The Bristol stool scale, a clinical assessment tool developed by doctors to organize specimens into multiple types – with category three ("comparable to processed meat with texture variations") and category four ("similar to tubular shapes, smooth and soft") being the optimal reference – regularly appears on intestinal condition specialists' online profiles.

The scale aids medical professionals identify IBS, which was previously a diagnosis one might keep to oneself. This has changed: in 2022, a well-known publication declared "We're Starting an Period of Gut Health Advocacy," with more doctors investigating the disorder, and women embracing the idea that "hot girls have gut concerns".

How It Works

"Individuals assume excrement is something you flush away, but it actually holds a lot of information about us," says the CEO of the wellness branch. "It actually is produced by us, and now we can study it in a way that doesn't require you to touch it."

The product starts working as soon as a user chooses to "start the session", with the tap of their unique identifier. "Right at the time your bladder output contacts the fluid plane of the toilet, the camera will start flashing its LED light," the spokesperson says. The photographs then get uploaded to the manufacturer's digital storage and are analyzed through "exclusive formulas" which take about three to five minutes to compute before the results are displayed on the user's app.

Security Considerations

Though the manufacturer says the camera boasts "privacy-first features" such as identity confirmation and end-to-end encryption, it's comprehensible that several would not have confidence in a restroom surveillance system.
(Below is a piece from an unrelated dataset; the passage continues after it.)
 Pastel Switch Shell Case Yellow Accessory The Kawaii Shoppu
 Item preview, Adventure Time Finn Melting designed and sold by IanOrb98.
One can imagine how these tools could make people obsessed with pursuing the 'perfect digestive system'

An academic expert who studies wellness data infrastructure says that the notion of a stool imaging device is "less intrusive" than a fitness tracker or digital timepiece, which gathers additional information. "The company is not a healthcare institution, so they are not covered by privacy laws," she comments. "This concern that comes up a lot with apps that are wellness-focused."

"The apprehension for me comes from what data [the device] collects," the specialist adds. "Which entity controls all this information, and what could they conceivably achieve with it?"

"We acknowledge that this is a extremely intimate environment, and we've addressed this carefully in how we designed for privacy," the CEO says. While the unit shares non-personal waste metrics with certain corporate allies, it will not share the data with a physician or family members. Presently, the unit does not connect its information with major health platforms, but the executive says that could evolve "if people want that".

Expert Opinions

A food specialist practicing in the West Coast is somewhat expected that stool imaging devices have been developed. "I believe particularly due to the increase in colorectal disease among young people, there are increased discussions about actually looking at what is inside the toilet bowl," she says, noting the substantial growth of the illness in people under 50, which numerous specialists link to highly modified nutrition. "It's another way [for companies] to profit from that."

She expresses concern that excessive focus placed on a waste's visual properties could be detrimental. "There's this idea in digestive wellness that you're pursuing this perfect, uniform, tubular waste constantly, when that's really just not realistic," she says. "It's understandable that these tools could cause individuals to fixate on pursuing the 'optimal intestinal health'."

A different food specialist comments that the gut flora in excrement alters within 48 hours of a dietary change, which could reduce the significance of immediate stool information. "What practical value does it have to be aware of the bacteria in your waste when it could entirely shift within 48 hours?" she asked.

Brandon Cook
Brandon Cook

A tech enthusiast and blockchain expert with a passion for decentralized systems and open-source innovation.